Altrettanto se vediamo come il dollaro sia al centro delle emissioni corporate globali.

In questa situazione, parlare di alternative al dollaro, basate sulla ragione economica, è alquanto velleitario. Meglio sarebbe ragionare, magari in sede G7, di una valuta comune fra i paesi avanzati che consentirebbe non solo di liberare il mondo dall’ipoteca fiscale statunitense, ma anche gli stessi Usa dal ruolo confortevole, ma anche molto scomodo, di fornitori della moneta di riserva globale.
Purtroppo le soluzioni più ragionevoli difficilmente vedono la luce se non esiste una qualche forma di costrizione che obblighi i decisori ad adottarle. A chi ricorda la storia verrà subito in mente Keynes a la sua idea di moneta internazionale, bocciata proprio a Bretton Woods dagli Usa che volevano godersi la raggiunta supremazia globale, anche monetaria. Cosa che poteva avere senso storico all’epoca, ma molto meno oggi. Negli anni ’60 del secolo scorso, gli Usa esprimevano oltre il 40% del pil globale.

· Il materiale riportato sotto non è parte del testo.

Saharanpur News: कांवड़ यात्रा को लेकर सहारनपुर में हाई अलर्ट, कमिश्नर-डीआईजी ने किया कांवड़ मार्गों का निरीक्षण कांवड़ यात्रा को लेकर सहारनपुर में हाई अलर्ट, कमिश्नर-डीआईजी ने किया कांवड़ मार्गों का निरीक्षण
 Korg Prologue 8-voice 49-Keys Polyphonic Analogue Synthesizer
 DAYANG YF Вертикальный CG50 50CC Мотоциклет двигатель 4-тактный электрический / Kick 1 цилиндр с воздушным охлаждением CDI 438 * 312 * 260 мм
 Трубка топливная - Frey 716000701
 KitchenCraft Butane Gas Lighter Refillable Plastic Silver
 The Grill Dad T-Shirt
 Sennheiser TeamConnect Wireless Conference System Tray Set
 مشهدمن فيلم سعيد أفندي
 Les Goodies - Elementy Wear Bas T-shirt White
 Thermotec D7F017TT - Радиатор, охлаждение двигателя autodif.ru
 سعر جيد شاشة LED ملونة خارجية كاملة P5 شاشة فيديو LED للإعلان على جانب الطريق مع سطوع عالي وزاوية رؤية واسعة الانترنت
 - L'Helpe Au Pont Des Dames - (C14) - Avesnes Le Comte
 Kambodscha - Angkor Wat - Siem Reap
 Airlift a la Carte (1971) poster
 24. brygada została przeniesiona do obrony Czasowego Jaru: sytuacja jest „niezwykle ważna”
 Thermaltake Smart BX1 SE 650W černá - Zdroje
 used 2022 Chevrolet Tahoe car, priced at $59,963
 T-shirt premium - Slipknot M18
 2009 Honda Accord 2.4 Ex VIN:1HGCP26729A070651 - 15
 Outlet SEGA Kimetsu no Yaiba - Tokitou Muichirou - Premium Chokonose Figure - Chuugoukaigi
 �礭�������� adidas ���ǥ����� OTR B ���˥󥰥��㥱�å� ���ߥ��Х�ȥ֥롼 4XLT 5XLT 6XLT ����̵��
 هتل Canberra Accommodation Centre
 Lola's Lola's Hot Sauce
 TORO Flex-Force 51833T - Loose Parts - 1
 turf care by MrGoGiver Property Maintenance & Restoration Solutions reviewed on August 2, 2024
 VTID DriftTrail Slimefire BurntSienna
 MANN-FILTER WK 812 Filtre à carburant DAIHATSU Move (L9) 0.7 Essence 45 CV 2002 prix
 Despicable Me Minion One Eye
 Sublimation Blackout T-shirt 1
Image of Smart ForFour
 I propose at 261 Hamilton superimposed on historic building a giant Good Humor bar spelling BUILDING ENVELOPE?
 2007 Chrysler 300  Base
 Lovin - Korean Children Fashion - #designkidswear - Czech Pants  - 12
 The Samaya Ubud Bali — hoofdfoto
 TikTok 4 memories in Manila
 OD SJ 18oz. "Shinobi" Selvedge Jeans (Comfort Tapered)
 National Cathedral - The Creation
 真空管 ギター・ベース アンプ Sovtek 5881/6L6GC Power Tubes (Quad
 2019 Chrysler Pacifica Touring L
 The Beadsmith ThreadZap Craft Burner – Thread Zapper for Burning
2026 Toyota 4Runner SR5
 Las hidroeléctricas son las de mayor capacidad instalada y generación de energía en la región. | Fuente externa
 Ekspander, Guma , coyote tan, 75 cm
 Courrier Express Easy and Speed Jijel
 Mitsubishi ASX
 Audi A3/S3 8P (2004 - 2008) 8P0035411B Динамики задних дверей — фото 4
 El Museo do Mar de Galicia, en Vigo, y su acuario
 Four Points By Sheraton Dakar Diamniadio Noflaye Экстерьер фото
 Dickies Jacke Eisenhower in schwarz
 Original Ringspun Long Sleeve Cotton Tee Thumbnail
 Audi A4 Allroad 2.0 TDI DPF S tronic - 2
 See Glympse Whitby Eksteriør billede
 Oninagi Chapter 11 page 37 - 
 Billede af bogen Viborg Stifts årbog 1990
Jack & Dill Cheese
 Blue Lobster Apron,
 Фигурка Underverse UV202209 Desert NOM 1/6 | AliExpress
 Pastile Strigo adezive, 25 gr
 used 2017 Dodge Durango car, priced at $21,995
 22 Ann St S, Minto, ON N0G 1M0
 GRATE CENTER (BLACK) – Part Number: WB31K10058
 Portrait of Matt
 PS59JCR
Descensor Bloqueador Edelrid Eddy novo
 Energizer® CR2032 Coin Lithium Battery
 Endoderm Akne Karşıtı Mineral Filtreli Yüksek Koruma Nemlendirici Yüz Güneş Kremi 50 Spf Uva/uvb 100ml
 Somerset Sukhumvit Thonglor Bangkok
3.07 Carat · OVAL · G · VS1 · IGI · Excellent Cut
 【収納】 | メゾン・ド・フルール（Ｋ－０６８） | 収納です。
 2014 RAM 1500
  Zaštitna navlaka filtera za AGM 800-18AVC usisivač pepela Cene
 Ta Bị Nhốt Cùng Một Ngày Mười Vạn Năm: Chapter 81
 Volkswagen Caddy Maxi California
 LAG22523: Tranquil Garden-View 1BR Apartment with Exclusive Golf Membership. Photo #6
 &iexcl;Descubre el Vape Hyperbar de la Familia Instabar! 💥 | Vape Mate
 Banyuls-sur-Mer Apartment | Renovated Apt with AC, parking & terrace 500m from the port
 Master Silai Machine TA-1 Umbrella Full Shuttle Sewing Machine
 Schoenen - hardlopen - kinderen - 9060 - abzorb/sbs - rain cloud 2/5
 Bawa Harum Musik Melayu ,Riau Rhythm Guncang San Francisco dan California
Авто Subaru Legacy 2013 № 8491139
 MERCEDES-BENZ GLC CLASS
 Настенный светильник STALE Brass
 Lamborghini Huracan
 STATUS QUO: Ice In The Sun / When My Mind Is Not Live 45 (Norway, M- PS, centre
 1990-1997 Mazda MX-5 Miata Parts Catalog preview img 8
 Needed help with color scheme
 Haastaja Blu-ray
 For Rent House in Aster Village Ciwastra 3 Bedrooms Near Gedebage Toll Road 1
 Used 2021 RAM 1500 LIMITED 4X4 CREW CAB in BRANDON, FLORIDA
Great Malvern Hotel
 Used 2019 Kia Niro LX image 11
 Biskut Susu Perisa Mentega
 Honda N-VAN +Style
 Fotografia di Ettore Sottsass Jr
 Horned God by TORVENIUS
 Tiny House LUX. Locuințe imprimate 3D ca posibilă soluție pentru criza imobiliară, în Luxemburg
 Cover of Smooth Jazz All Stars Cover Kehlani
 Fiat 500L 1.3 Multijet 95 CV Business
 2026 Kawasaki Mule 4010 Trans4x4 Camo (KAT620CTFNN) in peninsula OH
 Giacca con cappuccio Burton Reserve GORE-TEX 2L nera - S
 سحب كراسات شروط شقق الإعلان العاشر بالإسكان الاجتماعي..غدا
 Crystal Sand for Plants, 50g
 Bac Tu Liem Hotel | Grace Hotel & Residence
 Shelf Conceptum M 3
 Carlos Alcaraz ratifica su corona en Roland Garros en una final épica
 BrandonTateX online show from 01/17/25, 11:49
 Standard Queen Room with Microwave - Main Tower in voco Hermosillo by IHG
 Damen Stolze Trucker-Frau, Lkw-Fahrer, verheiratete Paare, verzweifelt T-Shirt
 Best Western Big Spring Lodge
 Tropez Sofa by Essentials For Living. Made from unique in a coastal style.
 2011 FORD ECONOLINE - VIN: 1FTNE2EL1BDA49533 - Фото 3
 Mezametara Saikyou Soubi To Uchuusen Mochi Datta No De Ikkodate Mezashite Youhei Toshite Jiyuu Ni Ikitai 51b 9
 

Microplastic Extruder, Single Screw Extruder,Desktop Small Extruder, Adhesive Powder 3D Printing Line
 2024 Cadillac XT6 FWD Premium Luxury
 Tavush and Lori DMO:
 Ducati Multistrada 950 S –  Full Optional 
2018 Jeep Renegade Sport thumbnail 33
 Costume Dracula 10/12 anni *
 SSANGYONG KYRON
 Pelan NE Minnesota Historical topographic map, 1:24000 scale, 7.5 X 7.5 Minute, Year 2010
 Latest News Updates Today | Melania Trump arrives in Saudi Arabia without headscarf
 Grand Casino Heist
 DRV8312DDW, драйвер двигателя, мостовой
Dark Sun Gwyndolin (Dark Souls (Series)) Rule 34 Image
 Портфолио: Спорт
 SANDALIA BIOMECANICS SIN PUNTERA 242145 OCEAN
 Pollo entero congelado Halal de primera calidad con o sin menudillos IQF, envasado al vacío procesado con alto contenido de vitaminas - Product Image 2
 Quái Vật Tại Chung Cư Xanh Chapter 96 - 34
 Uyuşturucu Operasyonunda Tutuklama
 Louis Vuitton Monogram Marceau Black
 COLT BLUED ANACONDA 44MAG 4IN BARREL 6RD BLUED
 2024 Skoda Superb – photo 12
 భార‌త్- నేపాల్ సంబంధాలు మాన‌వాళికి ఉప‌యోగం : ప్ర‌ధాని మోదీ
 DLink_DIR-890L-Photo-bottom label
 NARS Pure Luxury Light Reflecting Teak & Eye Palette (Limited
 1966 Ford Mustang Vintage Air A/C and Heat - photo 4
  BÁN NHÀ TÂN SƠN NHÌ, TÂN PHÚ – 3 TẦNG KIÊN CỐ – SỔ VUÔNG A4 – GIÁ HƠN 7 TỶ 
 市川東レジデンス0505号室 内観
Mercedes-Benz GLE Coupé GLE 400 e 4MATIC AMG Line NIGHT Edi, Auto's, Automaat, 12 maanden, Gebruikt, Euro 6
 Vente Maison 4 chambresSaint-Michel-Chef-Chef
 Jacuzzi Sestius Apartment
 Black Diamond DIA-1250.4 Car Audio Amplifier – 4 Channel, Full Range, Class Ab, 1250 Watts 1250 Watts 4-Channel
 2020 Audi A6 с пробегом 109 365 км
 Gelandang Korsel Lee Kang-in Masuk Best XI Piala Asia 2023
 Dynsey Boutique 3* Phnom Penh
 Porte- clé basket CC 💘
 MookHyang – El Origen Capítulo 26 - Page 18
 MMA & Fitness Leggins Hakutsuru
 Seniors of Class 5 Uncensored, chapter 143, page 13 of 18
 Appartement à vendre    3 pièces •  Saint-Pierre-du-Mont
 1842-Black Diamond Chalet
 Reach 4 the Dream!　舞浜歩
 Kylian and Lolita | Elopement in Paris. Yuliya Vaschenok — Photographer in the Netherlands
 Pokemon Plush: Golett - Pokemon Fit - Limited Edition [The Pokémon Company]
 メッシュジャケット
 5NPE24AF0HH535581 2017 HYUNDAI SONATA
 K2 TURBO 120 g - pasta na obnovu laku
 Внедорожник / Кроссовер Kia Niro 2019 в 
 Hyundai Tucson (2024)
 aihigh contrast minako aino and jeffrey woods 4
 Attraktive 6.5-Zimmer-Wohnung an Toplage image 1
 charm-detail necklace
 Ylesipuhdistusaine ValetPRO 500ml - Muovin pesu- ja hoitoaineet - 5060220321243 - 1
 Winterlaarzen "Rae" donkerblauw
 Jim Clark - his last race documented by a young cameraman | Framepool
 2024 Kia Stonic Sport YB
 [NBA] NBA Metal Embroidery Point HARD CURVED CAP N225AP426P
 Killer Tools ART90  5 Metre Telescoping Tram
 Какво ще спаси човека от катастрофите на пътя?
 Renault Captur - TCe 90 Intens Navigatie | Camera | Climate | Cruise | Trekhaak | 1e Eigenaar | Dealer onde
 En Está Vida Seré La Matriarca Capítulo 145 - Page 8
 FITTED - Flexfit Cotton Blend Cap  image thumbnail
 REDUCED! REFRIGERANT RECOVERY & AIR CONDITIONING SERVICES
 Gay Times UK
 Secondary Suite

Oggi poco più del 20%.

Perciò si capisce perché gli autori siano scettici sull’ipotesi di un futuro diverso dal presente. “Il renminbi è emerso come un contendente (del dollaro, ndr). Ma anche se potrebbe essere la valuta globale nell’anno 2100, ad oggi ha fatto ancora progressi limitati come valuta internazionale”. E quei pochi progressi che ha fatto “hanno rafforzato, piuttosto che diminuito, il ruolo del dollaro. Finora i prestiti ufficiali cinesi sono stati prevalentemente denominati in dollari Usa”.
Questo dovrebbero ricordarlo i tanti che profetizzano scenari vagamente umoristici sullo spiazzamento del dollaro ad opera dei cinesi. Ai quali, è bene ricordarlo, il dollaro piace moltissimo, visto che ne detengono cospicui riserve, ed è probabile che gli augurino lunga vita e prosperità, visto che anche la loro in qualche modo ne deriva.
Se un cambiamento arriverà, perciò, non sembra probabile che arrivi dalla Cina. La storia ci insegna che i cambiamenti di valuta dominanti sono di solito associati a cambiamenti geopolitici. Di nuovo oggi c’è un andamento galoppante dell’innovazione finanziaria guidata dalla tecnologia, che “potrebbe svolgere un ruolo in avanti”. Questo è il punto di faglia del (non) sistema monetario. Ed è qui che dobbiamo guardare.